Professional kitchens are tough places – so try walking into a new one every week.
Imagine reading a CV that lists 52 different employers in the space of year. From Michelin-starred restaurants to fish and chip shops, to coffee farms in Brazil, to a tea plantation in Darjeeling. The itinerary of a farmer? Brewer? Butcher? Baker? Glancing at the career section, you may well wonder how someone with precious little professional cooking experience could end up with a different food job every week for a year.
Yet, believe it or not, this has been the story of my life since June 2013, when I began travelling west around the globe, visiting the world’s greatest culinary destinations to work right alongside some of the planet’s greatest chefs and food producers, all the while chronicling my adventure on my blog foodishboy.com Deep down I always had a burning desire to travel.
While my parents, both professional dancers, spent the better part of their youth travelling the globe, until last year I had rarely ventured further afield than your average bourgeois European beach resort. So when I decided to quit my desk job back home in London and take a year out to explore the world, I was finally fulfilling the ambition of a lifetime.
Long obsessed by all things culinary, I was intent on using the year to make the transition from amateur food lover to something a little more serious. What I could not anticipate in the beginning were the true dimensions of the project. But after one fateful night down the local pub, a drunken declaration was made to all those who would listen: one year, five continents, 52 food jobs.

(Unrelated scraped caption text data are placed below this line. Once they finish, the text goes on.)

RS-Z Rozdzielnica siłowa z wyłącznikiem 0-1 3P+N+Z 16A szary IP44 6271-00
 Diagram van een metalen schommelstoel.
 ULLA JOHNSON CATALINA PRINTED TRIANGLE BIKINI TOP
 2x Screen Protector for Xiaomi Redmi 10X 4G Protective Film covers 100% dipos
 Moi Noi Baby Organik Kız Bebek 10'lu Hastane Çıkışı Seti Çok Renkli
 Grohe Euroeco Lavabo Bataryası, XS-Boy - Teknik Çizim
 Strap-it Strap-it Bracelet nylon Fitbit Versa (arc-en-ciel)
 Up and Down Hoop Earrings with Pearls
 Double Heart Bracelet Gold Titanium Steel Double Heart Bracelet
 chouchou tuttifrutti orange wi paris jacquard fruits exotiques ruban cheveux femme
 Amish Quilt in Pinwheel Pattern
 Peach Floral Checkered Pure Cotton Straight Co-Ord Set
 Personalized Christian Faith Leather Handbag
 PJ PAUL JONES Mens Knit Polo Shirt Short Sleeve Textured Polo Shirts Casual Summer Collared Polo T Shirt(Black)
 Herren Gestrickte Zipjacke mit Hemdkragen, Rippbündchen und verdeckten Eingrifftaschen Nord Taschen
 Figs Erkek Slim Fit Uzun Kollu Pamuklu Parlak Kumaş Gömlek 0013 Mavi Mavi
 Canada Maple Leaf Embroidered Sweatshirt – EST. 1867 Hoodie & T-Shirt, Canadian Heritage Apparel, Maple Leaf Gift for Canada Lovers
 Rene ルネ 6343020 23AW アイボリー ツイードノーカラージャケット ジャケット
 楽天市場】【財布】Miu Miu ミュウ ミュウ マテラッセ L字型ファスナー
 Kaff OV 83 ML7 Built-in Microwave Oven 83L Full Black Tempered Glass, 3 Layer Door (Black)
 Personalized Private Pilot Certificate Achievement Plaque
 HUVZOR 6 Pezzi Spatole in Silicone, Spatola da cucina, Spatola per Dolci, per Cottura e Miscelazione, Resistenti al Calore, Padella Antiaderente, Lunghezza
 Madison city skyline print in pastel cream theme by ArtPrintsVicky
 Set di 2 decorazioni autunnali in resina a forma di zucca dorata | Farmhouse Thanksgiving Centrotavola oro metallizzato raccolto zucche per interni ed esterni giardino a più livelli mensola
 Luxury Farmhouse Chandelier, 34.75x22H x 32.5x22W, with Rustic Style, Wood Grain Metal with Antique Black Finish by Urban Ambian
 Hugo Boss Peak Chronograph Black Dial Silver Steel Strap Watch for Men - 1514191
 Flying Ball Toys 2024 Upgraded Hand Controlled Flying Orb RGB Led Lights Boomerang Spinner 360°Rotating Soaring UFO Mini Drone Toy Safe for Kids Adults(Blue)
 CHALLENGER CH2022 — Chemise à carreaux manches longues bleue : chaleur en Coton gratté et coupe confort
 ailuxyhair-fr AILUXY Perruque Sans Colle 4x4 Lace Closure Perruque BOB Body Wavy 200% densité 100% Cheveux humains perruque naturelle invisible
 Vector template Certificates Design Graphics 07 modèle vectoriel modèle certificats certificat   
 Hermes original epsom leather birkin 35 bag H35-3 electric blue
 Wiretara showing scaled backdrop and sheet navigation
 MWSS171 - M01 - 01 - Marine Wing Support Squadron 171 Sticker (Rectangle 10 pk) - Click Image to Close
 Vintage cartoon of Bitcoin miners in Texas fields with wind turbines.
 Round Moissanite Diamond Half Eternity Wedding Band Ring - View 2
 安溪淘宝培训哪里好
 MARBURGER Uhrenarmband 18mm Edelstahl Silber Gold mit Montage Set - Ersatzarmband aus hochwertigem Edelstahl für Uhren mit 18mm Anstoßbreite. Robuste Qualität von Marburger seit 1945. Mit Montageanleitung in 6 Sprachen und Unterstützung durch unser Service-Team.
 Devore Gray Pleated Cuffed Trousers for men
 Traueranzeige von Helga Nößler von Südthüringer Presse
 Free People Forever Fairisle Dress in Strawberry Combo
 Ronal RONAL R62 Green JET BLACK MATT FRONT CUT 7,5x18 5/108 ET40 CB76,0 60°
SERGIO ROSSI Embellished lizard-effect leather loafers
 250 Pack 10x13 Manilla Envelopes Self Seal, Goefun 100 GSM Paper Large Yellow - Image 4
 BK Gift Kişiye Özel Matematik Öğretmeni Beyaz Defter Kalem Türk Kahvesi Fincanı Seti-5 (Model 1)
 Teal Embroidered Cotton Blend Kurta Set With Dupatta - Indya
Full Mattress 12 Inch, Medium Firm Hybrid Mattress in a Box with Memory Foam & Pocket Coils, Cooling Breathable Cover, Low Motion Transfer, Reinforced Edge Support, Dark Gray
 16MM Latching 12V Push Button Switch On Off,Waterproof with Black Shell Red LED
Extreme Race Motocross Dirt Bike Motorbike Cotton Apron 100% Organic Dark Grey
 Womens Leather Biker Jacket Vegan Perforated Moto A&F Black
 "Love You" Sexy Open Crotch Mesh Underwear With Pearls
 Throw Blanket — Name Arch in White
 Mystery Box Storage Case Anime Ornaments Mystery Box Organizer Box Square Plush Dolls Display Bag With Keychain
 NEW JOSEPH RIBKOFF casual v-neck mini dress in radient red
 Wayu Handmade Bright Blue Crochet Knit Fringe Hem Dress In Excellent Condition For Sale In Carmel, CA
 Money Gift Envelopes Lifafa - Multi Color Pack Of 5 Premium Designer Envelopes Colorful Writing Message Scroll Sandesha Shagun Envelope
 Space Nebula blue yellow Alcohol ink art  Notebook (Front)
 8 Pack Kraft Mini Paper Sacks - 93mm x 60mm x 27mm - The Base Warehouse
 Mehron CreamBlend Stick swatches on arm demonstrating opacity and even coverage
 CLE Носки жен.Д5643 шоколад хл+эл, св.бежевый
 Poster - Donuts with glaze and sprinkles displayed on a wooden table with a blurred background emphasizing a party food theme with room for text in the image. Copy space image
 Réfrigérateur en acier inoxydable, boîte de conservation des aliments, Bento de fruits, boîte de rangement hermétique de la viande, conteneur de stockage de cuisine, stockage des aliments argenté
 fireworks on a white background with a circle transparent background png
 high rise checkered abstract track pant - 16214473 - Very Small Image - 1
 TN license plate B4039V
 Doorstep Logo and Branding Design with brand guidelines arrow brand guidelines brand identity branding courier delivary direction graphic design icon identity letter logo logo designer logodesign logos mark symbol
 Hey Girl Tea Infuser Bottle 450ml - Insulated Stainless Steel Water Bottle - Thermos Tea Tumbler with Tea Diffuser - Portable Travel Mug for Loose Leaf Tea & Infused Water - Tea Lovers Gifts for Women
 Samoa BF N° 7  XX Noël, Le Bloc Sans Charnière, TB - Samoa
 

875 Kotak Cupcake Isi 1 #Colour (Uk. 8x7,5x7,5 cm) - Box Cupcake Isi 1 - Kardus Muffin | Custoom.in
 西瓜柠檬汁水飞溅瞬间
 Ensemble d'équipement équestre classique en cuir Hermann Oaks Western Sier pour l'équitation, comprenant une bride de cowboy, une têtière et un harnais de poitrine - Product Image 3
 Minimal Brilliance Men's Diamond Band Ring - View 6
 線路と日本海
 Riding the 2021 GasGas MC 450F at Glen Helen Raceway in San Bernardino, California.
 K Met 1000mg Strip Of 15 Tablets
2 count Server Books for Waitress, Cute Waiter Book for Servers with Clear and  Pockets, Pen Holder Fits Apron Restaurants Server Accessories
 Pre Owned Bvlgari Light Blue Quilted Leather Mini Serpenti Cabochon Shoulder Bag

I arrived in Bangkok 40 jobs into my world food odyssey, after surviving a catalogue of culinary challenges. So far I’ve brewed sake in rural Japan with co-workers who spoke no English (luckily my Japanese was flawless…); cooked a seven-course taster menu in Iceland while the head chef enjoyed a night off; and joined a Los Angeles religious cult devoted to organic vegan food. I also distiled in the town of Tequila, went frog-slaughtering in Beijing and cooked on the Orient Express en route to Machu Picchu. But despite all my jobs to date, Thailand presented some of the trip’s steepest challenges, cooking in two of Bangkok’s leading restaurants: David Thompson’s Nahm and Ian Kittichai’s Issaya Siamese Club.
My time in Bangkok kicked off in the Issaya pastry kitchen. Thai pop music filled the the air, mingling with the aroma of tempered chocolate, candied sugar and freshly baked financiers. All around me, the pastry girls delicately piped macaroons, sculpted cheesecakes into ladybirds and built tiny cotton trees out of freshly spun candy floss.
I stood in due reverence at the sweet delights being assembled in their exquisite beauty. Though the many weeks I’d spent in other pastry sections stood me in good stead with Kittichai’s French patisserie skills, things were set to get a lot more challenging in the hot kitchen.I was amazed at the intricacy of Thai food, the way that complex flavours were married to create dishes that sing a refrain rich in sour, sweet, salty and spicy notes. Like a lost boy I struggled to assemble the dishes as the orders came pouring in.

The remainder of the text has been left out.